DIRECTIONS FOR THIS TASK
Omitting the images, transcribe the records below exactly as they stand.

Caption-style text data
((

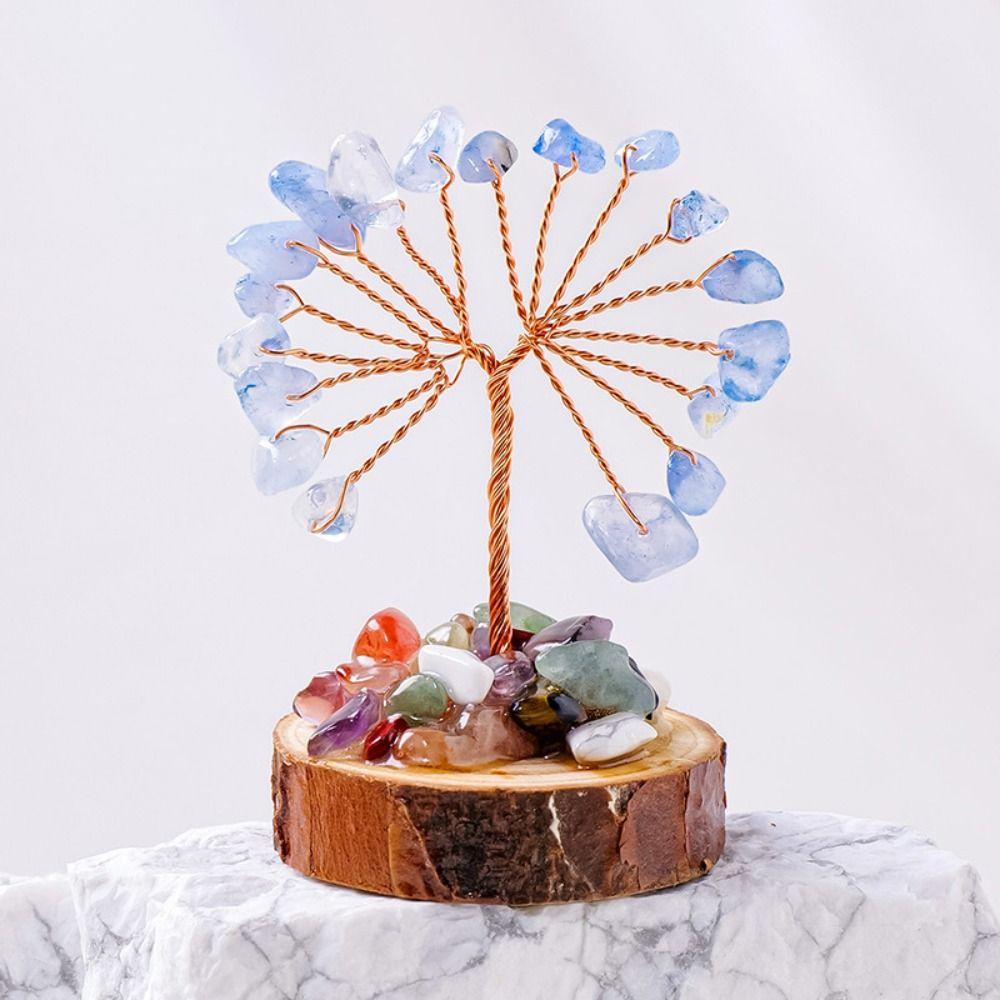 Positive Energy Crystal Wishing Tree Multicolor Fortune Tree Figurine Mini Crystal Trees  Desk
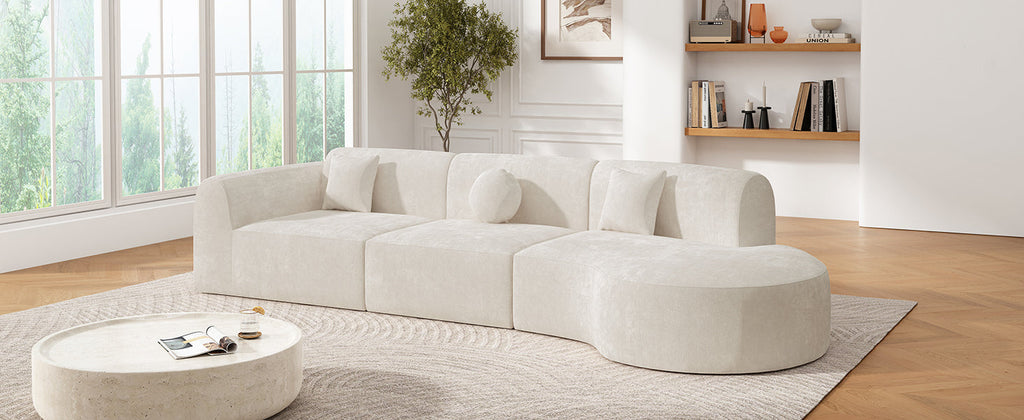 140' Modern Curved Sectional Sofa with High-Density Fully Compressed Sponge and Chaise Lounge, 3-Piece Set, Fully Assembled Right Hand Facing, Perfect for Living Room, Lounge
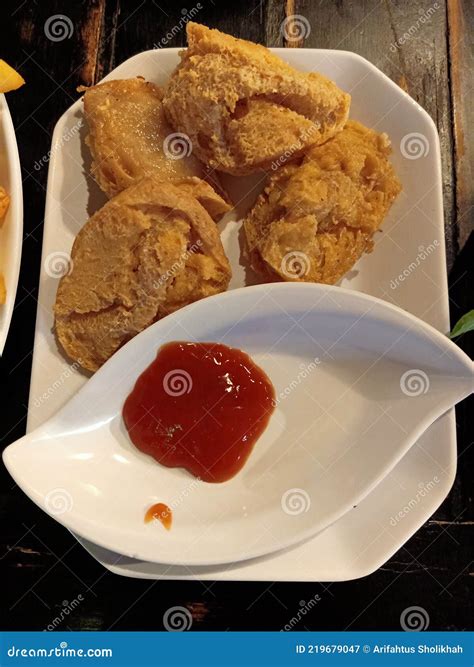 Indonesian Food Tahu Walik With Tomato Sauce Stock Image Image Of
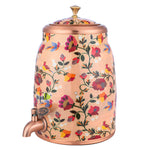 Tall blue floral copper water dispenser with Gulzar garden print and tap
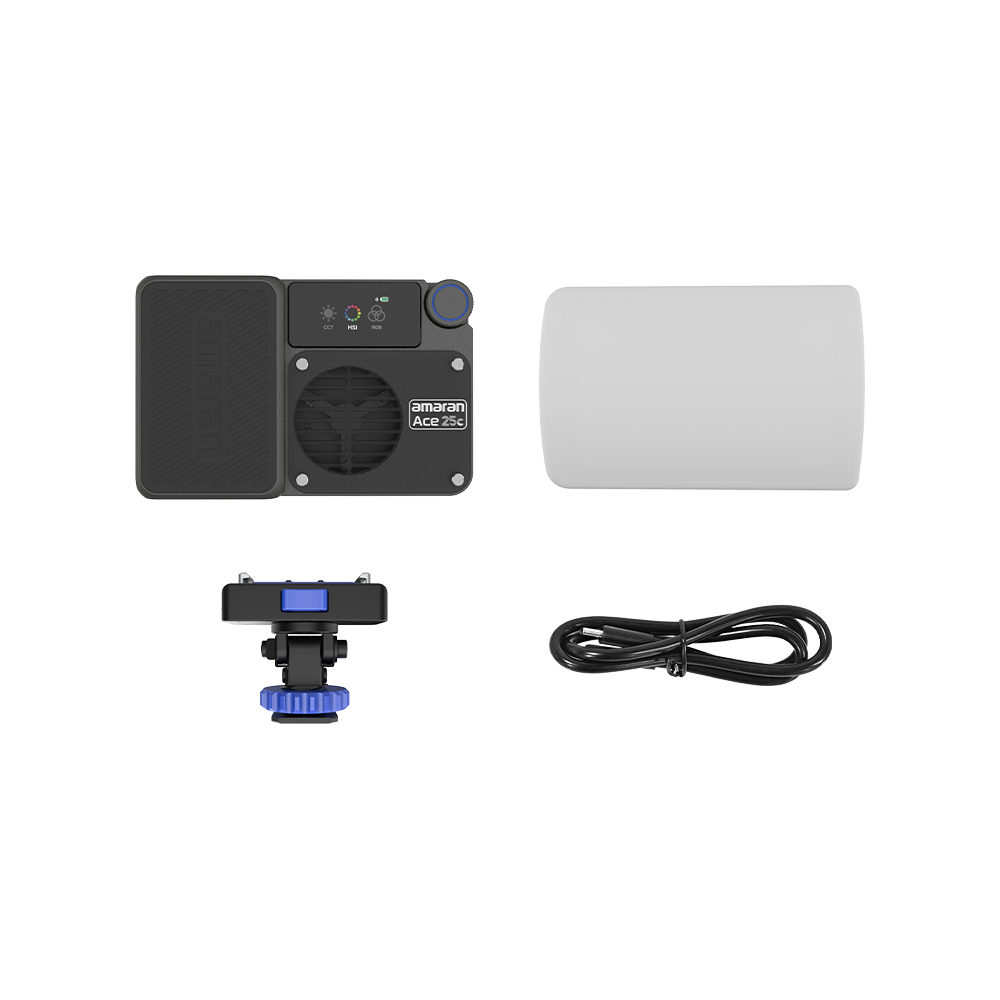 amaran Ace 25c Charcoal with the included dome diffuser, Ace Lock cold-shoe adapter and USB-C cable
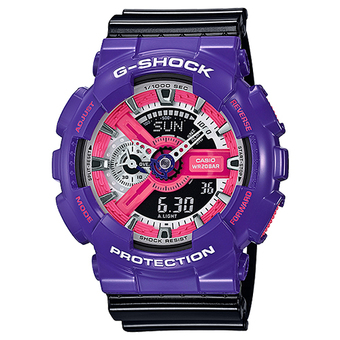 Casio G-Shock นาฬิกาข้อมือผู้หญิง สีม่วง/ดำ สายเรซิ่น รุ่น GA-110NC-6ADR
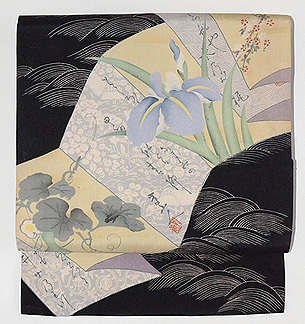 折り本に菖蒲の図染め名古屋帯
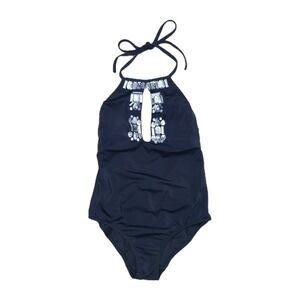 NEW Ted Baker Black Plunge One‎ Piece Swimsuit Jeweled Halter US 8 / Ted 3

))

TASK RESPONSE
 Positive Energy Crystal Wishing Tree Multicolor Fortune Tree Figurine Mini Crystal Trees  Desk
 140' Modern Curved Sectional Sofa with High-Density Fully Compressed Sponge and Chaise Lounge, 3-Piece Set, Fully Assembled Right Hand Facing, Perfect for Living Room, Lounge
 Indonesian Food Tahu Walik With Tomato Sauce Stock Image Image Of
 Tall blue floral copper water dispenser with Gulzar garden print and tap
 amaran Ace 25c Charcoal with the included dome diffuser, Ace Lock cold-shoe adapter and USB-C cable
 Casio G-Shock นาฬิกาข้อมือผู้หญิง สีม่วง/ดำ สายเรซิ่น รุ่น GA-110NC-6ADR
 折り本に菖蒲の図染め名古屋帯
 NEW Ted Baker Black Plunge One‎ Piece Swimsuit Jeweled Halter US 8 / Ted 3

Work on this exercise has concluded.